Procedures and Functions
This section defines the procedures and functions that make up
the core of the SCXML interpreter. N.B. in the code below, the
keyword 'continue' has its traditional meaning in languages like C:
break off the current iteration of the loop and proceed to the next
iteration.
procedure
interpret(scxml,id)
The purpose of this procedure is to initialize the interpreter
and to start processing.
In order to interpret an SCXML document, first (optionally)
perform [xinclude] processing and
(optionally) validate the document, throwing an exception if
validation fails. Then convert initial attributes to
<initial> container children with transitions to the state
specified by the attribute. (This step is done purely to simplify
the statement of the algorithm and has no effect on the system's
behavior. Such transitions will not contain any executable
content). Initialize the global data structures, including the data
model. If binding is set to 'early', initialize the data model.

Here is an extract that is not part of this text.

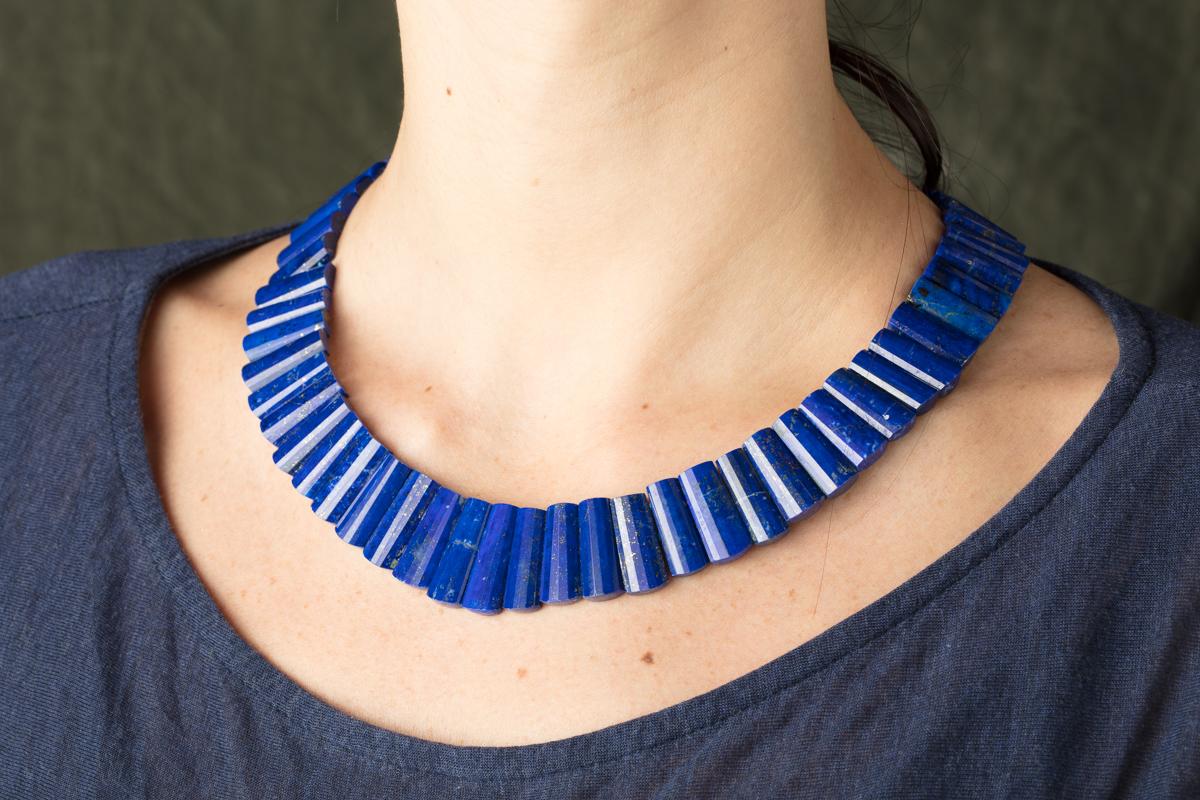 Faceted Lapis Lazuli Beaded Necklace by Deborah Lockhart Phillips In Excellent Condition In Nantucket, MA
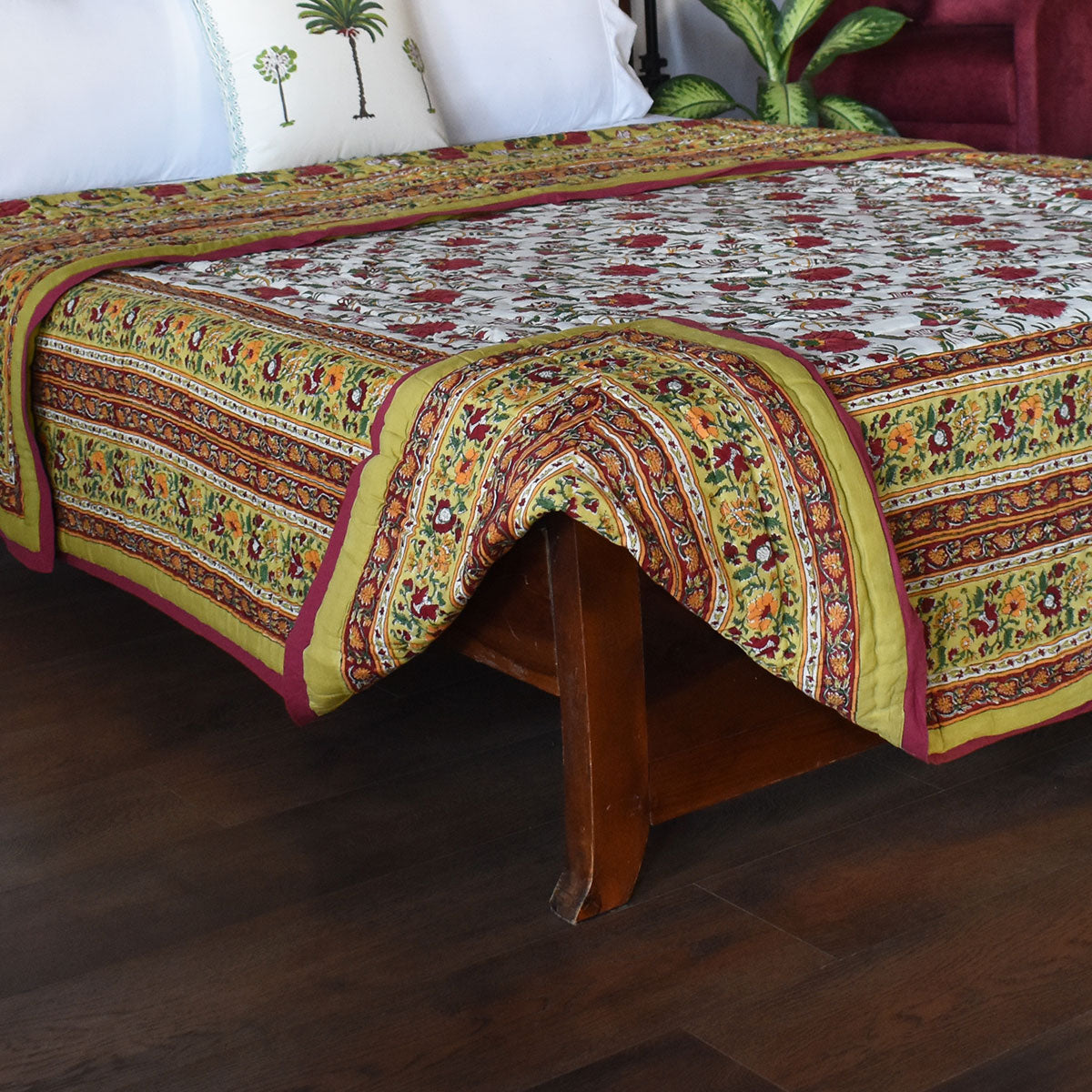 Hand Block Printed Cotton King Size Quilt | Flower Blossom Canary 104164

Then execute the global <script> element, if any. Finally
call enterStates on the initial configuration, set the global
running variable to true and start the interpreter's event
loop.
procedure interpret(doc):
if not valid(doc): failWithError()
expandScxmlSource(doc)
configuration = new OrderedSet()
statesToInvoke = new OrderedSet()
internalQueue = new Queue()
externalQueue = new BlockingQueue()
historyValue = new HashTable()
datamodel = new Datamodel(doc)
if doc.binding == "early":
initializeDatamodel(datamodel, doc)
running = true
executeGlobalScriptElement(doc)
enterStates([doc.initial.transition])
mainEventLoop()
procedure
mainEventLoop()
This loop runs until we enter a top-level final state or an
external entity cancels processing. In either case 'running' will
be set to false (see EnterStates, below, for termination by
entering a top-level final state.)
At the top of the loop, we have either just entered the state
machine, or we have just processed an external event. Each
iteration through the loop consists of four main steps: 1)Complete
the macrostep by repeatedly taking any internally enabled
transitions, namely those that don't require an event or that are
triggered by an internal event. After each such
transition/microstep, check to see if we have reached a final
state. 2) When there are no more internally enabled transitions
available, the macrostep is done. Execute any <invoke> tags
for states that we entered on the last iteration through the loop
3) If any internal events have been generated by the invokes,
repeat step 1 to handle any errors raised by the <invoke>
elements. 4) When the internal event queue is empty, wait for an
external event and then execute any transitions that it triggers.
However special preliminary processing is applied to the event if
the state has executed any <invoke> elements. First, if this
event was generated by an invoked process, apply <finalize>
processing to it. Secondly, if any <invoke> elements have
autoforwarding set, forward the event to them. These steps apply
before the transitions are taken.
This event loop thus enforces run-to-completion semantics, in
which the system process an external event and then takes all the
'follow-up' transitions that the processing has enabled before
looking for another external event. For example, suppose that the
external event queue contains events ext1 and ext2 and the
machine is in state s1. If processing ext1 takes the machine to s2
and generates internal event int1, and s2 contains a
transition t triggered by int1, the system is guaranteed to take t,
no matter what transitions s2 or other states have that would be
triggered by ext2. Note that this is true even though ext2 was
already in the external event queue when int1 was generated. In
effect, the algorithm treats the processing of int1 as finishing up
the processing of ext1.
procedure mainEventLoop():
while running:
enabledTransitions = null
macrostepDone = false
# Here we handle eventless transitions and transitions
# triggered by internal events until macrostep is complete
while running and not macrostepDone:
enabledTransitions = selectEventlessTransitions()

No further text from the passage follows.